The final thing to note in this is that while the cost of a UBI is high, this study being personally funded by a billionaire shows how actually affordable it is in practice. The total cost of the distributed income to the 3,000 people involved was $13.2 million per year. This is substantially more than his reported earned salary (around $65,000) but, like almost all other billionaires, he earns most of his wealth via increases to his wealth rather than through earned income. If his reported $2 billion worth of assets accrued annual gains of 5%, then that’s an equivalent income of $100 million – enough to fund a UBI of $1,000 per month for over 8,000 people.

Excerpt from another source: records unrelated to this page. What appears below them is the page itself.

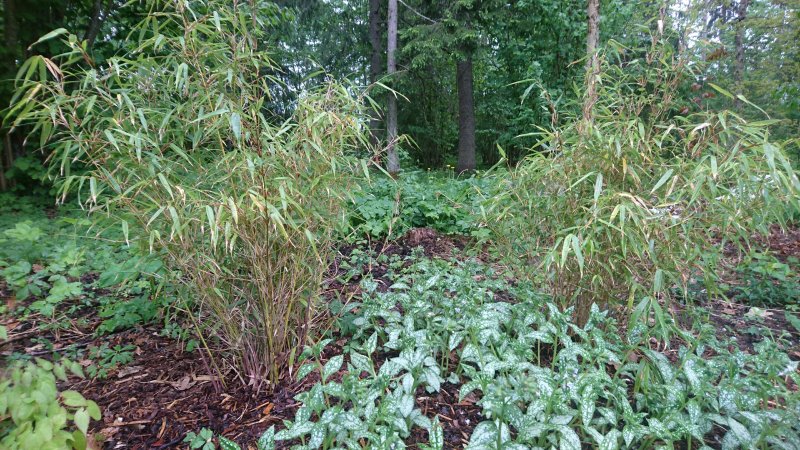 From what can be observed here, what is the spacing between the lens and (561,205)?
2.12 metres

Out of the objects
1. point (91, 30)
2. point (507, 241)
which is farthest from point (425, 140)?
point (507, 241)

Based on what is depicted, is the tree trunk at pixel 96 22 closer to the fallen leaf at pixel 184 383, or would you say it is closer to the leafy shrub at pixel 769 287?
the fallen leaf at pixel 184 383

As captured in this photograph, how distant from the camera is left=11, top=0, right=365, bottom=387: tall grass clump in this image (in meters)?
1.56

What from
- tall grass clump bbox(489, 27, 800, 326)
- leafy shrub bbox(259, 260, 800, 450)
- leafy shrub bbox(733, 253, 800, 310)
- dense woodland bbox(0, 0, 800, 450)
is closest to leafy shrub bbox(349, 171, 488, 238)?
dense woodland bbox(0, 0, 800, 450)

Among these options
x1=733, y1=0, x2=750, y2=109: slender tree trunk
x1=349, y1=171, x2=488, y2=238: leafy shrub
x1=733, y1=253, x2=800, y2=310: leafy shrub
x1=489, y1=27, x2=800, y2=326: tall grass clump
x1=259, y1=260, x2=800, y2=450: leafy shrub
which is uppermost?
x1=733, y1=0, x2=750, y2=109: slender tree trunk

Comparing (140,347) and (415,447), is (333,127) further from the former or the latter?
(140,347)

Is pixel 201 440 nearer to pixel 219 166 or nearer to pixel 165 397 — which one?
pixel 165 397

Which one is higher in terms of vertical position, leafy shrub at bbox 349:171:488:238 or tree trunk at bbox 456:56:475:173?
tree trunk at bbox 456:56:475:173

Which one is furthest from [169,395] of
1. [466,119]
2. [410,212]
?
[466,119]

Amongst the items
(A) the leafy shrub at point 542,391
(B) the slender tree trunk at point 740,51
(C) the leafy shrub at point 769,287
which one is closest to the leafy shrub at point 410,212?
(A) the leafy shrub at point 542,391

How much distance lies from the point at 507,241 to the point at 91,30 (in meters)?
5.60

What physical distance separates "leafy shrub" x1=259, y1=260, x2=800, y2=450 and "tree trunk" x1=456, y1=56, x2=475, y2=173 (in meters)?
7.22

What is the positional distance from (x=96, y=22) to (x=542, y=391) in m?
6.22

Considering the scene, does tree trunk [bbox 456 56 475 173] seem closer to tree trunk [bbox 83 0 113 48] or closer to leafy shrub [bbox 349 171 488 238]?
leafy shrub [bbox 349 171 488 238] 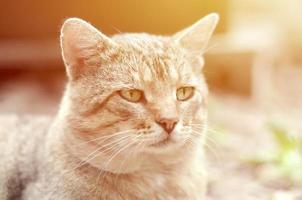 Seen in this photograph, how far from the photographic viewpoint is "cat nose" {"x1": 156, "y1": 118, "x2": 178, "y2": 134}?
218cm

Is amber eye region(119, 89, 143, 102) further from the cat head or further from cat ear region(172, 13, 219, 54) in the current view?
cat ear region(172, 13, 219, 54)

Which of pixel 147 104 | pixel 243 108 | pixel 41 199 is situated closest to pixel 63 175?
pixel 41 199

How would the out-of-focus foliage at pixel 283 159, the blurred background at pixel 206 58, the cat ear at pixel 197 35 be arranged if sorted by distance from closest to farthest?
the cat ear at pixel 197 35 → the out-of-focus foliage at pixel 283 159 → the blurred background at pixel 206 58

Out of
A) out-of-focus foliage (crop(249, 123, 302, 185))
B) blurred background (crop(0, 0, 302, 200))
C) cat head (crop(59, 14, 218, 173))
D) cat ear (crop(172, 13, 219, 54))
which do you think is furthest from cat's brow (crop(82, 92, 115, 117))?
blurred background (crop(0, 0, 302, 200))

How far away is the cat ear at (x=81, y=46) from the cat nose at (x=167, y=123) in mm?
361

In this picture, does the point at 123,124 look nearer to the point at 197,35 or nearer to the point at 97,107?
the point at 97,107

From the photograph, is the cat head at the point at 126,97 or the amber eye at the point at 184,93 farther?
the amber eye at the point at 184,93

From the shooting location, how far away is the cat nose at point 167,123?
218 centimetres

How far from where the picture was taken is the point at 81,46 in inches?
90.9

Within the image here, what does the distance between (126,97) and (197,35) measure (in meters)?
0.45

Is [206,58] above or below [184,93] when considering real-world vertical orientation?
above

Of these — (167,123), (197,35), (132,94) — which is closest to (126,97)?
(132,94)

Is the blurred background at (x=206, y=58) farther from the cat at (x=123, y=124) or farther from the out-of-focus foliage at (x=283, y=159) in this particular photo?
the cat at (x=123, y=124)

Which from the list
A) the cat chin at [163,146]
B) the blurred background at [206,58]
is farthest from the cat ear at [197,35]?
the blurred background at [206,58] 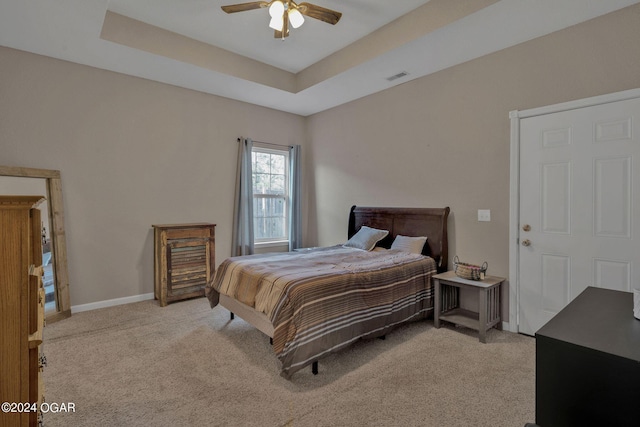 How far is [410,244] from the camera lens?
364 cm

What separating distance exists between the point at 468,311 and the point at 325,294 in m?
1.85

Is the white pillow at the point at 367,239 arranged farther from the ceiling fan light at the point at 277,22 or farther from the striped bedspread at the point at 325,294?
the ceiling fan light at the point at 277,22

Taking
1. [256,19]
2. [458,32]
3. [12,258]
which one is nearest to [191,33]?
[256,19]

In fact, lets play a game we’ve played before. Rather than hoping that a few more billionaires will come to their semi-philanthropic senses, let’s imagine that we take a look at the wealth held by all of the wealthiest 400 Americans (ironically, Altman is too poor to be on this list, the poorest Forbes 400 billionaire has a total wealth of £2.9 billion). Their total wealth is estimated at $4.5 trillion. As before, we’ll assume that the title of “billionaire” is precious to these people so we’ll not take that away from them. But any assets above $1 billion are collectivised and placed in a US National Wealth Fund. That’s $4.1 trillion. With an average return of 5%, that’s enough to give a $1,000/month Basic Income for over 17 million Americans and to instantly half the number of people living below the federal poverty line. Not one of these billionaires would notice a material change to their lives but the lives of 17 million people would be transformed for the better (and anyway…if detractors of UBI are correct, shouldn’t the billionaires not being as wealthy be an encouragement for them to work?). As I’ve said before, faced with results like this and with the affordability of extending the UBI to everyone using other means, it is now a moral imperative to implement one.

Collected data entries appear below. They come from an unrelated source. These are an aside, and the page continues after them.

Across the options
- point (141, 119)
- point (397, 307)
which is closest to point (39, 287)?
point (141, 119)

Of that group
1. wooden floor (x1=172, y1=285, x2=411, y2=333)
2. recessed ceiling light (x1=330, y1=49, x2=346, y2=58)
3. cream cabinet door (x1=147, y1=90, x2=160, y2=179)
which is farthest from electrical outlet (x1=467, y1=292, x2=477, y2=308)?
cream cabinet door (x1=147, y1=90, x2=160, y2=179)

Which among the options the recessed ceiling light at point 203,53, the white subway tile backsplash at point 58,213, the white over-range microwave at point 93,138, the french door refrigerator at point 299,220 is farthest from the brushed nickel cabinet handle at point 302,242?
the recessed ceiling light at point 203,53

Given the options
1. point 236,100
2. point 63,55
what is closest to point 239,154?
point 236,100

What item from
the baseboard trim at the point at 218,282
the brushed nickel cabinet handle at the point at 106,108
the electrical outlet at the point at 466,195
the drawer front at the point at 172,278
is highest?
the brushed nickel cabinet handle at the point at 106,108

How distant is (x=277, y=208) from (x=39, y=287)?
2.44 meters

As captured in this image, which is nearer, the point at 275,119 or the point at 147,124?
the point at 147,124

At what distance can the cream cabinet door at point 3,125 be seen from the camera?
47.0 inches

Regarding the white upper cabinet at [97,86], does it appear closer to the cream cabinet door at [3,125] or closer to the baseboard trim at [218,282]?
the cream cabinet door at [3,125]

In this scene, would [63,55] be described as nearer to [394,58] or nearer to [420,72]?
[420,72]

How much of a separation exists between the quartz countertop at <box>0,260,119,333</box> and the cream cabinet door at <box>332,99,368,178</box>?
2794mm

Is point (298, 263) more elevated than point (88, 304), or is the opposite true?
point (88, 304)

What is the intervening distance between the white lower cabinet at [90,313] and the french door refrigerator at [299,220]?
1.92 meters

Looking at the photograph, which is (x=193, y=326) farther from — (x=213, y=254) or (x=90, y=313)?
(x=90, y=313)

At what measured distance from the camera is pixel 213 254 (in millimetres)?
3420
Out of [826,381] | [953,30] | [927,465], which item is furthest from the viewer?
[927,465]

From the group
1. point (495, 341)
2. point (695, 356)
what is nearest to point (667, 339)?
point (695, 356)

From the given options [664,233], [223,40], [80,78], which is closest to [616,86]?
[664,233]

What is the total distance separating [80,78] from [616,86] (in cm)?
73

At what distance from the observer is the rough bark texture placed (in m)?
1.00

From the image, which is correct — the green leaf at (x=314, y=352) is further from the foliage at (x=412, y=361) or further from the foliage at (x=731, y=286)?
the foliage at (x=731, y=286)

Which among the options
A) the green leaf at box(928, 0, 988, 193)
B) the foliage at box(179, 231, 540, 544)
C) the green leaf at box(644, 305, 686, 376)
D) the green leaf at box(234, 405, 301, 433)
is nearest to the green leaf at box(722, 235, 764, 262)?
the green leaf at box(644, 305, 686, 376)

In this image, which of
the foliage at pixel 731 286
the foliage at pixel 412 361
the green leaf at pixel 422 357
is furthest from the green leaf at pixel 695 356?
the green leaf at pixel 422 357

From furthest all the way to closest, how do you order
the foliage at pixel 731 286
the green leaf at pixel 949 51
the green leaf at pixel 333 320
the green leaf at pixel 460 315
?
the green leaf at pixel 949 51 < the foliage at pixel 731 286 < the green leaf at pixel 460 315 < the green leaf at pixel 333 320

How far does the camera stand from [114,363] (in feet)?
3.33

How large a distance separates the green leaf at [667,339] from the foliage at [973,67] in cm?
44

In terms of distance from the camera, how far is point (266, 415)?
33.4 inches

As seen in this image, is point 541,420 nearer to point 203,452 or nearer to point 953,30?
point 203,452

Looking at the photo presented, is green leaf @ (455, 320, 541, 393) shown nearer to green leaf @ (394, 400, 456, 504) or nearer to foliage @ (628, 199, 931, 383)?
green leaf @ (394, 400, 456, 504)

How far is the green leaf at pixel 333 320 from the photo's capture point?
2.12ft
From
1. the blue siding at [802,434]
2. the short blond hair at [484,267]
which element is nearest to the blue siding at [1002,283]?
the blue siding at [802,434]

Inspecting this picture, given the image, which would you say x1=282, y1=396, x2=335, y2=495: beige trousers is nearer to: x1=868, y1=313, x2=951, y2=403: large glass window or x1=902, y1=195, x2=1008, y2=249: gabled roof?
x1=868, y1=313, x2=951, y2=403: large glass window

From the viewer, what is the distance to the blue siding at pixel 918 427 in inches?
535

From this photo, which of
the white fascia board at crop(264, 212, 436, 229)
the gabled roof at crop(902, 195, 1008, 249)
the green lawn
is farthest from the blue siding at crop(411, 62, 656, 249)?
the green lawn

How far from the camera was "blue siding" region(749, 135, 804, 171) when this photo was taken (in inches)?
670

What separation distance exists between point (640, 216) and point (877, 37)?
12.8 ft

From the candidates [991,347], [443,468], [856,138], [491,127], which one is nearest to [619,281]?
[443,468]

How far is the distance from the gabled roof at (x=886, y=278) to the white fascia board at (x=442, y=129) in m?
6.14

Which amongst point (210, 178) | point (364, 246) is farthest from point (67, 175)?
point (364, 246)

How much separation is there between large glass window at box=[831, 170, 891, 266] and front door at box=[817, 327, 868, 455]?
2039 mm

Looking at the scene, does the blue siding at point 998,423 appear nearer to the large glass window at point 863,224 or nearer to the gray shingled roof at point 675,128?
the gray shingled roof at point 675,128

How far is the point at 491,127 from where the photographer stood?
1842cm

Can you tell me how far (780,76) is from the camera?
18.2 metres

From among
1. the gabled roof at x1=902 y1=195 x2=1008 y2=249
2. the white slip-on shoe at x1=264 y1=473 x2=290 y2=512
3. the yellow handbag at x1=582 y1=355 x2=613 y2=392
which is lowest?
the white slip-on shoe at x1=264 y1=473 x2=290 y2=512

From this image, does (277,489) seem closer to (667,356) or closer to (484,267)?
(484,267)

Poverty is not the result of personal choice on behalf of the poor or even because of lack of money, but because of lack of money in the right places and the hoarding of it in others where it can do far less good. My “solution” here is optimistic to the point of utopian but that isn’t the same as being unrealistic. All it will take is politicians listening to people other than the billionaire-dragons who stand to fund the eradication of poverty at the cost of a fraction of their horde. But if a democracy means anything then it means placing no more value on the voice of a single person than on any other. So perhaps we could put it to a referendum and see if the votes of 17 million people in poverty agree with the votes of 400 people who’ll never want for anything even if they have to invest most of what they have in the Common Good of All of Us.